Re: Visualworks - Unique strings object?

Michel Duf
and btw I would be interested to know what leads to your multiple String
> objects for the same String, if you can say something about the details,
> maybe we can tell you better whether it's feasible to use Symbols instead?
>

So far I do not know, it is just a few weeks ago that I started
working for this Smalltalk code mostly written by Cobol programmer's I
think.

I found some application code strings (maybe loaded from a table) not
2 or 3 times but more than 100 times and sometime more than 2,000
times!!!

Strangely I found 3 instances of a string and in the code I found 3
tests methods using it but since the method should not have been
executed I think is weird that Smalltalk hold 3 objects for it.

Michel


On 8/23/06, Malte Zacharias <[hidden email]> wrote:

>
>
>
> Hi,
>
>
>
> sorry for breaking the Threadview of your mailclients with this mail,
>
> but I unfortunately already got the ongoing thread deleted and this just
> came to mind. (Oh and sorry for clogging up your space in case you weren't
> interested ;-) )
>
>
>
> If I recall correctly there was a question in the direction whether this can
> be achieved in Smalltalk:
>
> | a b |
>
> a := 'String'.
>
> b := 'String'.
>
> (a = b) = (a == b). "This should answer true but doesn't (just print it)"
>
> Another question came to my mind, would this behaviour sensible? In my
> opinion there are two reasons why we wouldn't want Smalltalk to do this.
>
>
>
> The first one would be, there is already a suitable class for Texts which
> only exist once, as you all pointed out, Symbol is readily available. The
> other reason however is even more important in my opinion, which is
> consistency.
>
>
>
> Why you may ask? Let me illustrate. I wrote all the code in Smalltalk
> Syntax, as I am not sure how many of you know Java and know it well enough.
> For the Java literate, = should be the same as String's equal() instance
> method.
>
> I wrote a small Java App and this is the comparison against Smalltalk:
>
> (Sorry for the ugly code..)
>
> | c1 c2 c all |
>
> c1 := 'te'. c2 := 'st'.
>
> c := c1 , c2.
>
> all := Array
>
> with: 'test' "String literal"
>
> with: 'test' "Same String literal, different object in ST)"
>
> with: 'te' , 'st' "Java: ""te"" + ""st"", just added two literals"
>
> with: c "Create two Strings by literals and
>
> add them like done before this."
>
> with: (String fromString: 'test'). "JAVA: new String(""test" ")"
>
>
>
> all do: [:elem1 | all do:
>
> [:elem2 |
>
> Transcript
>
> show: elem1 == elem2;
>
> space].
>
> Transcript cr]
>
>
>
> Give it a thought, what would you expect for this to yield?

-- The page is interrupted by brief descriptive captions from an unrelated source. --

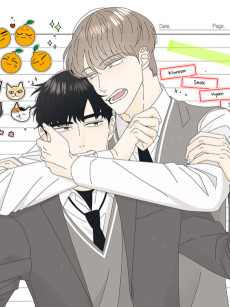 농담이 진담된다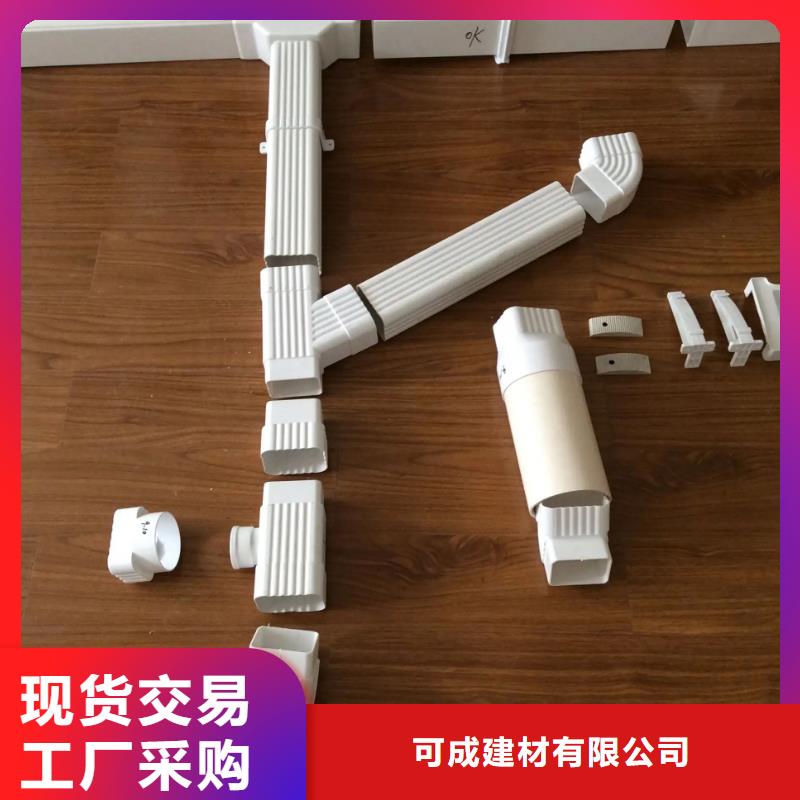 8*6cm铝合金雨水管接头厂家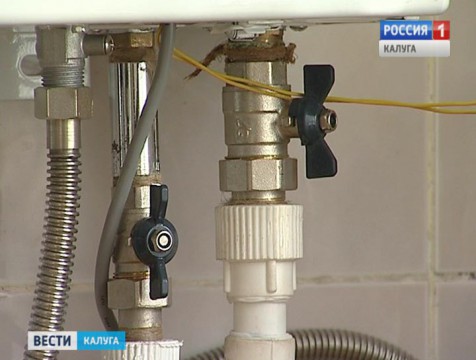 Дома-памятники архитектуры переведут на индивидуальное отопление
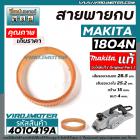 สายพานกบไฟฟ้า 5 นิ้ว MAKITA ( มากิต้า ) 1804N  Part No.54 ( รอบนอก 28.5 cm. วงใน 25.2 cm. หนา 4 mm. กว้าง 15 mm.) #40104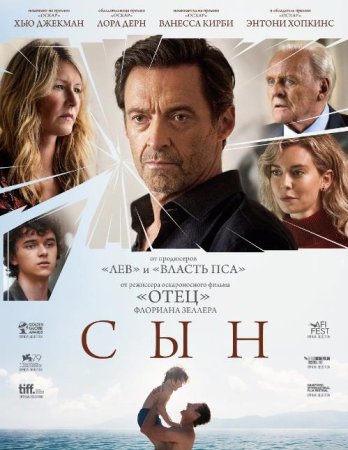 Сын (2022)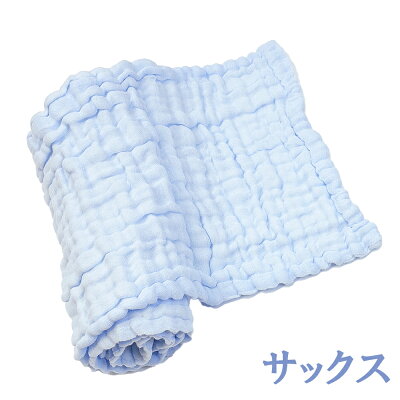 【テンダイ楽天市場店】6重ガーゼスポーツタオル25x110cmピンクサックスイエローグリーン|タオルたおる綿コットン桃青黄緑吸水ふんわり柔らかやわらか六重ガーゼベビーマフラー日よけ日焼け防止汗拭き汗ふきジョギングウォーキング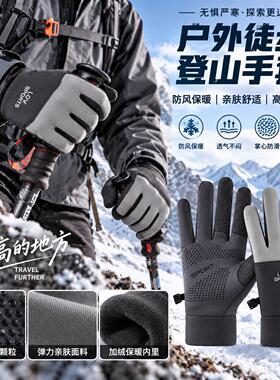 冬季户外徒步登山专用手套女士防滑男爬山雪山保暖防寒防风可触屏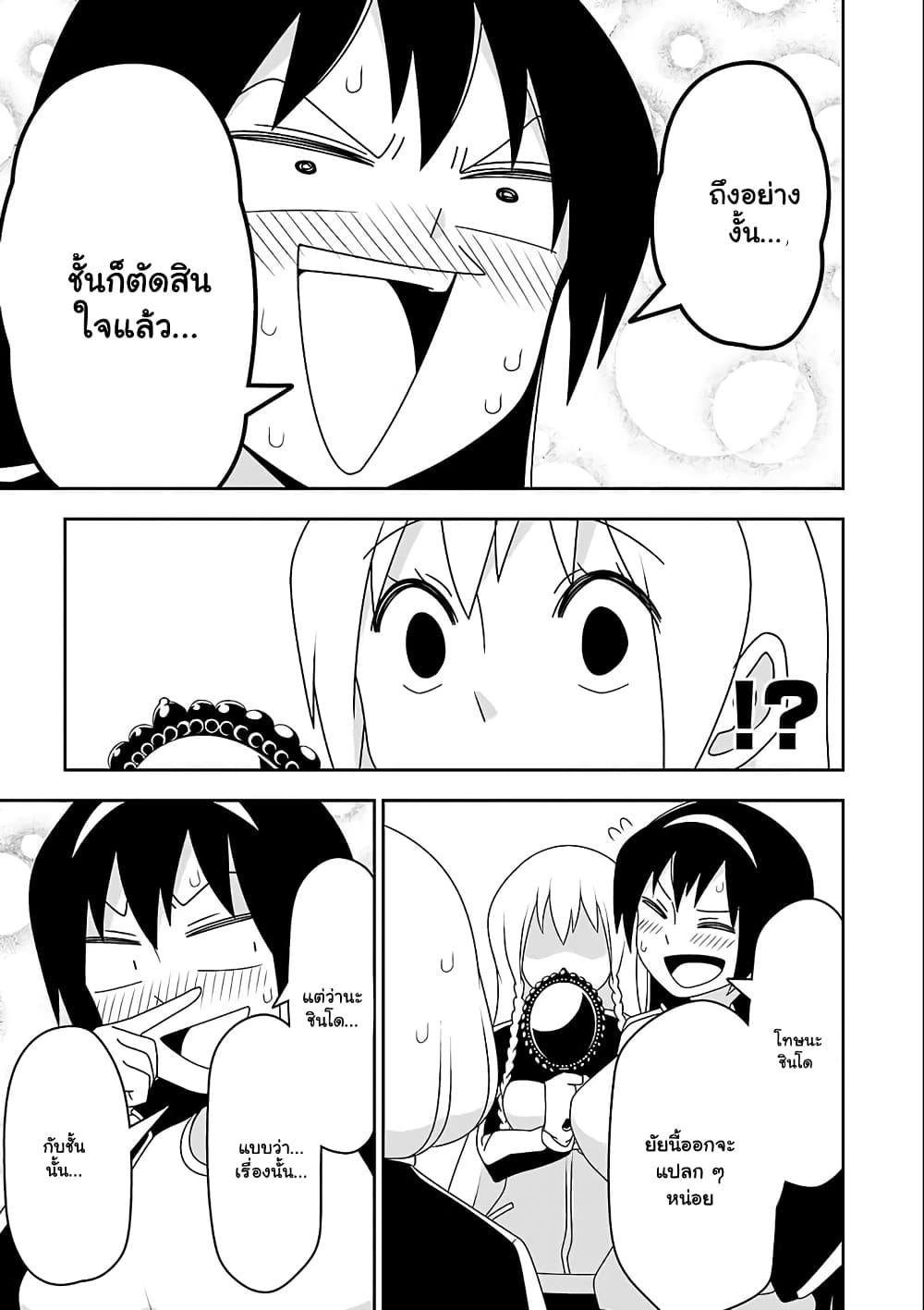 Boku wa Ohime-sama ni Narenai page 15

Hint: The output
> is formatted like a table which compares each Element against each other
> (actually only half of these are needed as #== is implemented reflexive, but
> what the heck) So all of us Smalltalkers would expect this:
>
> true false false false false
>
> false true false false false
>
> false false true false false
>
> false false false true false
>
> false false false false true
>
> Which is exactly the output generated by smalltalk, very lovely world :-)
>
> If you want, the code can be copied and run directly as typed above.
>
> However if you type exactly (well not exactly) this code in Java you get an
> interestening result being:
>
> true true true false false
>
> true true true false false
>
> true true true false false
>
> false false false true false
>
> false false false false true
>
> Now apparently in Java with this: a = "te"; b = "st";
>
> the results of a + b are not the same object as "te" + "st" which is very
> strange in terms of consistency. Strange as well is that "Test" saved in a
> variable twice is the same object, a new String from the String "Test"
> however is not. I would call that very weird...
>
>
>
> What I had to learn in both languages is, that comparing using the ==
> Operator is bad (most of the time) but in Java, in many cases I can actually
> do that without getting hurt. I like the ST solution better, which is using
> Symbols for unique Strings, the JAVA optimizations may save space and/or
> time, but from the point of OOP I find it very strange and questionable.
>
>
>
> I thank everyone for following me so far,
>
> and btw I would be interested to know what leads to your multiple String
> objects for the same String, if you can say something about the details,
> maybe we can tell you better whether it's feasible to use Symbols instead?
>
>
>
> Greetings,
>
>
> Malte Zacharias
>
>
>
>
>
>
>
>
> On Wednesday 23 August 2006 20:36, you wrote:
>
> > You welcome and thanks to let me know if you found something else.
>
> >
>
> > I know JAVA a little and I am always interested to learn it since
>
> > unfortunately I never had the chance working with it.
>
> >
>
> > But anyway I prefer Smalltalk :)
>
> >
>
> > Michel
>
> >
>
> > On 8/23/06, Malte Zacharias <[hidden email]> wrote:
>
> > > I just conducted a test, and it seems you're right, just FYI..
>
> > > I didn't know that yet, thanks for telling :-)
>
> > >
>
> > > > I am not a JAVA expert but by default :
>
> > > > A:= 'hi'
>
> > > > B:= 'hi' means A and B hold the same object.
>
> > > >
>
> > > > It is when you explicitly use the class String that the string object
>
> > > > are not unique.
>
> > > >
>
> > > > Michel
>
> > > >
>
> > > > On 8/23/06, Malte Zacharias <[hidden email]> wrote:
>
> > > > > > Hi,
>
> > > > > > I have some memory issues with a VW 5i image.
>
> > > > > >
>
> > > > > > By instance, I found out that for the class ByteString I have 12
>
> > > > > > megs of memory used and for that 12 megs only 6 megs are unique
>
> > > > > > strings. Is there a way (as JAVA) to tell Smalltalk to "re-use"
>
> > > > > > string objects? I do not think so but I would like to be sure.
>
> > > > >
>
> > > > > How would one tell Java that? Just curious, you know.
>
> > > > >
>
> > > > > Greetings,
>
> > > > > Malte Zacharias
>
>

Reply | Threaded
Open this post in threaded view
|

RE: Visualworks - Unique strings object?

Terry Raymond
In reply to this post by Malte Zacharias

Malte

 

There are a few issues here.

 

1. #== is an identity test, you should only use #== if you want to

know if two variables are referring to the identical object.

 

2. In VisualWorks you cannot assume that there is only one instance

of a string literal in the image, so you should not use #== as test.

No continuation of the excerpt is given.